On the name, it’s not ‘responsible’ that bothers me, but rather ‘scaling’.
”Responsible x-ing policy” gives the strong impression that x-ing can be done responsibly, and that x-ing will continue. I’d prefer e.g. “Responsible training and deployment policy”. That way scaling isn’t a baked in presumption, and we’re naming things that we know can be done responsibly.
Unknown unknowns seem like a totally valid basis for concern.
But I don’t think you get to move the burden of proof by fiat. If you want action then you need to convince relevant actors they should be concerned about them, and that unknown unknowns can cause catastrophe before a lab will stop. Without further elaboration I don’t think “unknown unknowns could cause a catastrophe” is enough to convince governments (or AI developers) to take significant actions.
I think RSPs make this situation better by pushing developers away from vague “Yeah we’ll be safe” to saying “Here’s what we’ll actually do” and allowing us to have a conversation about whether that specific thing sufficient to prevent risk early enough. I think this is way better, because vagueness and equivocation make scrutiny much harder.
My own take is that there is small but non-negligible risk before Anthropic’s ASL-3. For my part I’d vote to move to a lower threshold, or to require more stringent protective measures when working with any system bigger than LLaMA. But I’m not the median voter or decision-maker here (nor is Anthropic), and so I’ll say my piece but then move on to trying to convince people or to find a compromise that works.
The specific conversation is much better than nothing—but I do think it ought to be emphasized that solving all the problems we’re aware of isn’t sufficient for safety. We’re training on the test set.[1]
Our confidence levels should reflect that—but I expect overconfidence.
It’s plausible that RSPs could be net positive, but I think that given successful coordination [vague and uncertain] beats [significantly more concrete, but overconfident].
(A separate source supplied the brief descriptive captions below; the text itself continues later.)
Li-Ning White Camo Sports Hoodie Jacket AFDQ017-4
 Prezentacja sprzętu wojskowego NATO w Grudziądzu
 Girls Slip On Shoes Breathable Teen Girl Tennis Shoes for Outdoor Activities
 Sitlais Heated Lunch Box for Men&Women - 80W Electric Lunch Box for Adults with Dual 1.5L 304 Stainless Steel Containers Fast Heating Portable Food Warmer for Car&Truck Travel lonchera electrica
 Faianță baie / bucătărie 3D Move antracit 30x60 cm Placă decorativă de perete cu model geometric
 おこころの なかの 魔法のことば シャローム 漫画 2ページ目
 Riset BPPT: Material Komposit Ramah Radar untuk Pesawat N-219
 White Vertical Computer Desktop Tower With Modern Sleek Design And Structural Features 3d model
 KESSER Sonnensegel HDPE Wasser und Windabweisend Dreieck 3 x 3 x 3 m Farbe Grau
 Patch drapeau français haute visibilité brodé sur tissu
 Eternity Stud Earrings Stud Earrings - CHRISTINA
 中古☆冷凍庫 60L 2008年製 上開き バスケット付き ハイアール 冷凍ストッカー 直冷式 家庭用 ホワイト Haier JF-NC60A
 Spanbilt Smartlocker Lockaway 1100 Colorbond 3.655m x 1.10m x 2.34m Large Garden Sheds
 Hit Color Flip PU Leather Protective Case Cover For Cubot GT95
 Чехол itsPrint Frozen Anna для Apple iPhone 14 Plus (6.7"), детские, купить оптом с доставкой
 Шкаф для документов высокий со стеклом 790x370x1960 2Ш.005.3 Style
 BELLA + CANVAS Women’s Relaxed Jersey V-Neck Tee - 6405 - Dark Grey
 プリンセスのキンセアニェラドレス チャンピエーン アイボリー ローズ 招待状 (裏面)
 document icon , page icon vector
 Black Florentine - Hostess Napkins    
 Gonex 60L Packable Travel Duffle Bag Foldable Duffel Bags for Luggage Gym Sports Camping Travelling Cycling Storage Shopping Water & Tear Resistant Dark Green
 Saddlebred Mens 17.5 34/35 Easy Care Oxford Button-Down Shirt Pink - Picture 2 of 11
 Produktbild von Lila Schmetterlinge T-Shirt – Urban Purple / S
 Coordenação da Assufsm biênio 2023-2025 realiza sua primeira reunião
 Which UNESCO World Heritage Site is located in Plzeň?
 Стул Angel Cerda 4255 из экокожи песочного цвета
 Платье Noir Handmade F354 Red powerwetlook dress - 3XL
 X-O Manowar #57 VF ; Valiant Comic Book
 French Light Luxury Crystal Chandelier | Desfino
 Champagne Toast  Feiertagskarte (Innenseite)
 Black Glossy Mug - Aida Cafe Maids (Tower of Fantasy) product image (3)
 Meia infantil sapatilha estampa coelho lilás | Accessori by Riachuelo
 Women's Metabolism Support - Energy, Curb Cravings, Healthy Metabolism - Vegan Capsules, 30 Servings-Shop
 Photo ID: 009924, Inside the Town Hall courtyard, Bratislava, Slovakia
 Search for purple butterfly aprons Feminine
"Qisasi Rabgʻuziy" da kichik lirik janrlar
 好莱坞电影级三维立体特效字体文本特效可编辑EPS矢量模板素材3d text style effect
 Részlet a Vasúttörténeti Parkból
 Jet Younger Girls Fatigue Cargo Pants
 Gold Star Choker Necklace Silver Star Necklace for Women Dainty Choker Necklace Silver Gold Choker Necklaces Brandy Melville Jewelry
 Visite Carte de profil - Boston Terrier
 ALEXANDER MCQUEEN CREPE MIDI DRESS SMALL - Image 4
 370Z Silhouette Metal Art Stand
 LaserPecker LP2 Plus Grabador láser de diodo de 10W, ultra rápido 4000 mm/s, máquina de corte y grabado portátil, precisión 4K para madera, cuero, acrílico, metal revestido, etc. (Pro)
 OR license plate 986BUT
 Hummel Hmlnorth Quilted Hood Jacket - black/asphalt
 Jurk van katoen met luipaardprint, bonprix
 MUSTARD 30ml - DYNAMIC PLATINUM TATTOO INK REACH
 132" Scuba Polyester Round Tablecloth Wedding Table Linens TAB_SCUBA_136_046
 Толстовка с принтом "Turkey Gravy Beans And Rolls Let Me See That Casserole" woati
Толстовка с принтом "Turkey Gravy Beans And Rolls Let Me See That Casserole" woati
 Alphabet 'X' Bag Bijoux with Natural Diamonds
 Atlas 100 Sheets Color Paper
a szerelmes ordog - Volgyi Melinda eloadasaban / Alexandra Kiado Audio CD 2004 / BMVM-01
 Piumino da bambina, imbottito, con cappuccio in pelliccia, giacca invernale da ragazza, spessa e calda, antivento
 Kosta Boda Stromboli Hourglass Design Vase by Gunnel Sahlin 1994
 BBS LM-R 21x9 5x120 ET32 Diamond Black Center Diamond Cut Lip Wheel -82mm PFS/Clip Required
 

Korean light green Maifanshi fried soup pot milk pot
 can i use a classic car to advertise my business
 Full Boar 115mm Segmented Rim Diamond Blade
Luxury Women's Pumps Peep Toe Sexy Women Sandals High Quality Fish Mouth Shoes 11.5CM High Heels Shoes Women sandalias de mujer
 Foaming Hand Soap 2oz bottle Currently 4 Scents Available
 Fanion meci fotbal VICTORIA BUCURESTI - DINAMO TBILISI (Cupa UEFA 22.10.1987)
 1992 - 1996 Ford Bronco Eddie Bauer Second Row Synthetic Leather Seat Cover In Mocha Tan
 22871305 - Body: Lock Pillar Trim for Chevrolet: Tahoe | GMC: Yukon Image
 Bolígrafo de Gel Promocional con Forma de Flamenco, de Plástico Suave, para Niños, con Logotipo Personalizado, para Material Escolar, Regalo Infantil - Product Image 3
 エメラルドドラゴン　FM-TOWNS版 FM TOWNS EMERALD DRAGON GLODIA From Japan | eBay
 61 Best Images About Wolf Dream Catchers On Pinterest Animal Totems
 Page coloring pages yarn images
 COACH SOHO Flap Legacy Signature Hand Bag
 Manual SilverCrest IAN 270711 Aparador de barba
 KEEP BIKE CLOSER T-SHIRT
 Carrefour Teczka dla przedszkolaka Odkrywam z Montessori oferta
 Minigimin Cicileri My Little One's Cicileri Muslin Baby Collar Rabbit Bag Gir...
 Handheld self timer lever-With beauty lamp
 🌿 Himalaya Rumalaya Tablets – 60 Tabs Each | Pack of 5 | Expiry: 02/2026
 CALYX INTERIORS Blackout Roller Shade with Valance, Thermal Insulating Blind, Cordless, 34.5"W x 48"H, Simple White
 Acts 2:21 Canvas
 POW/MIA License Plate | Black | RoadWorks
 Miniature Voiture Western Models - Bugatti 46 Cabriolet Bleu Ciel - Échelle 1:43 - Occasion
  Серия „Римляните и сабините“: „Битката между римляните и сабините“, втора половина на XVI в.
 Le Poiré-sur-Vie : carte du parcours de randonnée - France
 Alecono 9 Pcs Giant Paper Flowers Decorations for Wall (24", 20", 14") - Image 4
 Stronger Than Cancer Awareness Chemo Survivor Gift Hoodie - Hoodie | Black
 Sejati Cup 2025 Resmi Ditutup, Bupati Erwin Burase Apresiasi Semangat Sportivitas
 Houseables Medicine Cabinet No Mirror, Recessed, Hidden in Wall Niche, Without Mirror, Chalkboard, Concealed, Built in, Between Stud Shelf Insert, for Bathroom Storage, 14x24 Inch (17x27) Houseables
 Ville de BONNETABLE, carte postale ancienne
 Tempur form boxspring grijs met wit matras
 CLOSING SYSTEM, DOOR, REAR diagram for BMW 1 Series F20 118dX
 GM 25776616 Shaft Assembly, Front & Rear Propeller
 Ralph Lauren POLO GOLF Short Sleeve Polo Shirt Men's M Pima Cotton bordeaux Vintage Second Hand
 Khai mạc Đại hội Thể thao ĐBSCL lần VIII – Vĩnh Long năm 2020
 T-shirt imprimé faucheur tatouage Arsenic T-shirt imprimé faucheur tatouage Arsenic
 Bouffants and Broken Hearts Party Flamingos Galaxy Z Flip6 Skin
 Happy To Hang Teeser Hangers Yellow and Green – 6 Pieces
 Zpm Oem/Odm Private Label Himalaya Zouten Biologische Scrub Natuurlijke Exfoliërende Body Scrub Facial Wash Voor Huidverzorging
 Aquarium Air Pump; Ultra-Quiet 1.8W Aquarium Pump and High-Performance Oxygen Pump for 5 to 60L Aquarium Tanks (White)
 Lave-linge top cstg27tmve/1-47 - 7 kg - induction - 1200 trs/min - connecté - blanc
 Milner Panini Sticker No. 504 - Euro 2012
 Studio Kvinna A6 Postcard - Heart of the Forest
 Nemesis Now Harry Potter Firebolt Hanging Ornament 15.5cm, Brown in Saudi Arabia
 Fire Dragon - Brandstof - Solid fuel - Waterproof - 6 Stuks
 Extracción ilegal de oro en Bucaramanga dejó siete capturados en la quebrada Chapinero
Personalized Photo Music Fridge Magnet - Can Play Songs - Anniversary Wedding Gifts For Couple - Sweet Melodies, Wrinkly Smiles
My presumption is that without good coordination (a necessary condition being cautious decision-makers), things will go badly.
RSPs seem likely to increase the odds we get some international coordination and regulation. But to get sufficient regulation, we’d need the unknown unknowns issue to be covered at some point. To me this seems simplest to add clearly and explicitly from the beginning. Otherwise I expect regulation to adapt to issues for which we have concrete new evidence, and to fail to adapt beyond that.
Granted that you’re not the median voter/decision-maker—but you’re certainly one of the most, if not the most, influential voice on the issue. It seems important not to underestimate your capacity to change people’s views before figuring out a compromise to aim for (I’m primarily thinking of government people, who seem more likely to have views that might change radically based on a few conversations). But I’m certainly no expert on this kind of thing.
I do wonder whether it might be helpful not to share all known problems publicly on this basis—I’d have somewhat more confidence in safety measures that succeeded in solving some problems of a type the designers didn’t know about.